Strategies
Introduction
A strategy is given as a parameter to the sparksneeze class. For example:
- sparksneeze(source_entity, target_entity, strategy=Strategy(args, kwargs)).run()
Create a sparksneeze instance with a specific strategy, and then run it.
- Parameters:
strategy (SnarpSneezeStrategy) – A strategy class instance
args – Positional arguments
kwargs – Key-word arguments
- Returns:
Strategy result
- Return type:
SparkSneezeResult
Automatic Metadata Enrichment
All strategies automatically add standardized metadata fields to every record. This ensures consistent tracking and auditing across all data operations.
Metadata Fields Added:
_META_valid_from(TimestampType) - Record validity start timestamp_META_valid_to(TimestampType) - Record validity end timestamp (2999-12-31 for active records)_META_active(BooleanType) - Active record indicator (True for all records except in Historize operations)_META_row_hash(StringType) - Hash of data columns (excludes metadata and key columns)_META_system_info(StringType) - JSON containing system metadata (strategy, version, timestamp, etc.)
Customizing Metadata:
from sparksneeze.metadata import MetadataConfig
from sparksneeze.strategy import DropCreate
# Custom metadata configuration
config = MetadataConfig(
prefix="_AUDIT", # Custom prefix instead of _META
hash_columns=["id", "name"] # Only hash specific columns
)
# Use with any strategy
strategy = DropCreate(metadata_config=config)

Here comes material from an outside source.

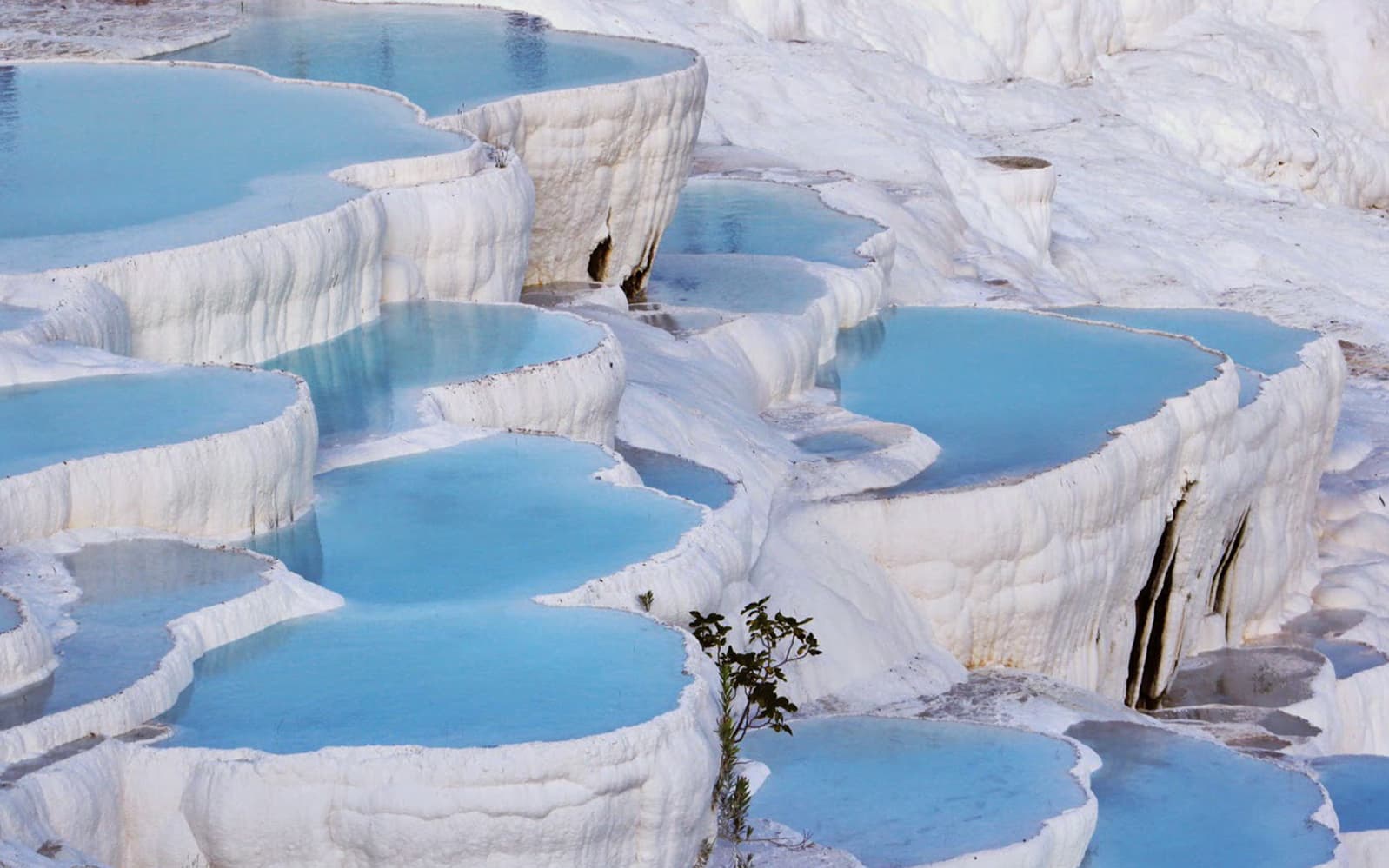 From Antalya/Kemer: Pamukkale and Hierapolis Tour with Lunch tickets in Antalya - Features | TickYourList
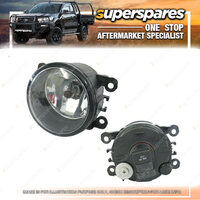 Superspares Fog Light for Ford Transit VM 09/2006 - ONWARDS Brand New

result = sparksneeze(df, "target_table", strategy).run()
Strategies
DropCreate
- class DropCreate(metadata_config=None)
Remove the target entity and create it anew based on the schema of the source entity. There are no parameters, no data or schema will be kept of the old target.

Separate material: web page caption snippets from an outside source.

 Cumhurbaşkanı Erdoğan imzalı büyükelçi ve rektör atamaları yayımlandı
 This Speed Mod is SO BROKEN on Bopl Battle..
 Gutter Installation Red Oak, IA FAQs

All records will have metadata fields added with
_META_active=True.- Parameters:
metadata_config (MetadataConfig) – Optional metadata configuration. Uses default if None.
- Returns:
SparkSneezeResult
- Return type:
Example
Randy takes over as the new park supervisor and needs to replace the old resident roster with a fresh start.

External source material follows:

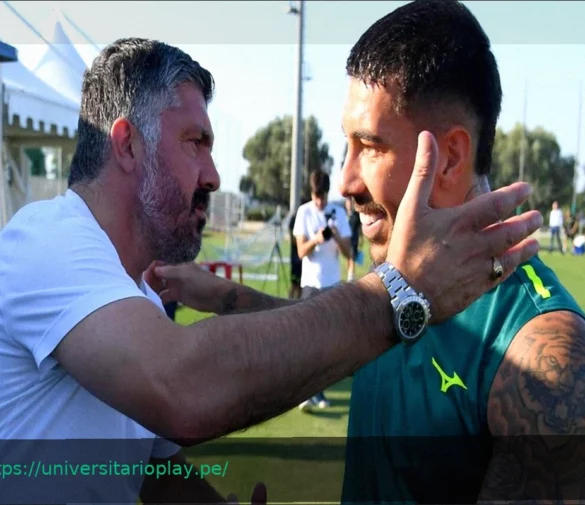 Gattuso y Lotito: Cena Estratégica para Refundar la Lazio
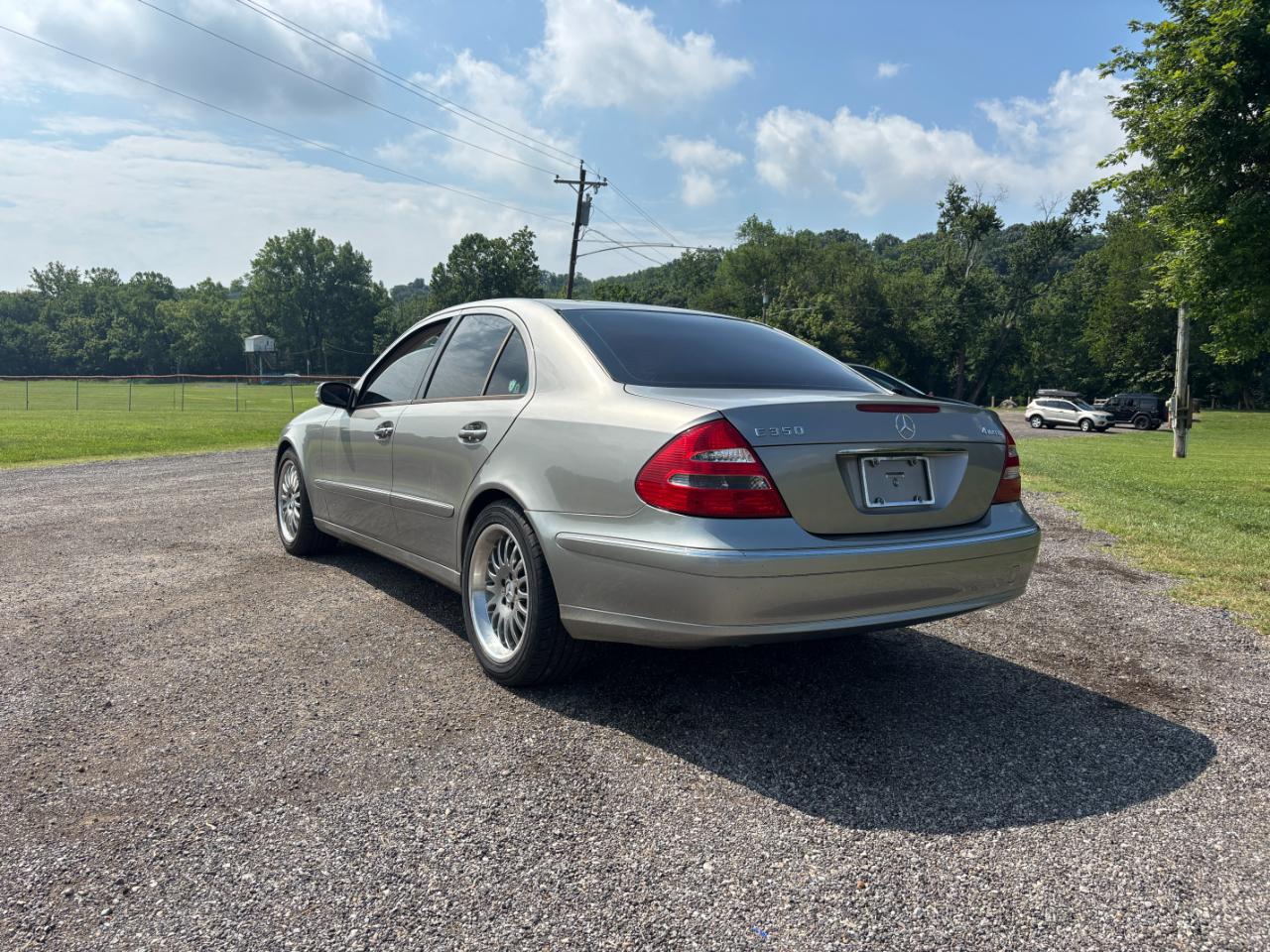 Mercedes-Benz E-Class E350 2006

Source (New Resident Data):
name |
age |
occupation |
location |
|---|---|---|---|
Ricky |
31 |
Convenience Store |
Trailer Park |
Julian |
34 |
Bar Owner |
Trailer Park |
Bubbles |
33 |
Cat Caretaker |
Shed |
Existing Target (Old Registry):
name |
age |
job_title |
|---|---|---|
Randy |
36 |
Supervisor |
Mr Lahey |
54 |
Manager |
Result (Completely New Registry):
name |
age |
occupation |
location |
_META_valid_from |
_META_valid_to |
_META_active |
_META_row_hash |
_META_system_info |
|---|---|---|---|---|---|---|---|---|
Ricky |
31 |
Convenience Store |
Trailer Park |
2024-03-01 00:00:00 |
2999-12-31 23:59:59 |
true |
[hash] |
{“strategy”:”DropCreate”} |
Julian |
34 |
Bar Owner |
Trailer Park |
2024-03-01 00:00:00 |
2999-12-31 23:59:59 |
true |
[hash] |
{“strategy”:”DropCreate”} |
Bubbles |
33 |
Cat Caretaker |
Shed |
2024-03-01 00:00:00 |
2999-12-31 23:59:59 |
true |
[hash] |
{“strategy”:”DropCreate”} |
The old registry was completely wiped and replaced with the new resident data.
Truncate
- class Truncate(auto_expand=True, auto_shrink=False, metadata_config=None)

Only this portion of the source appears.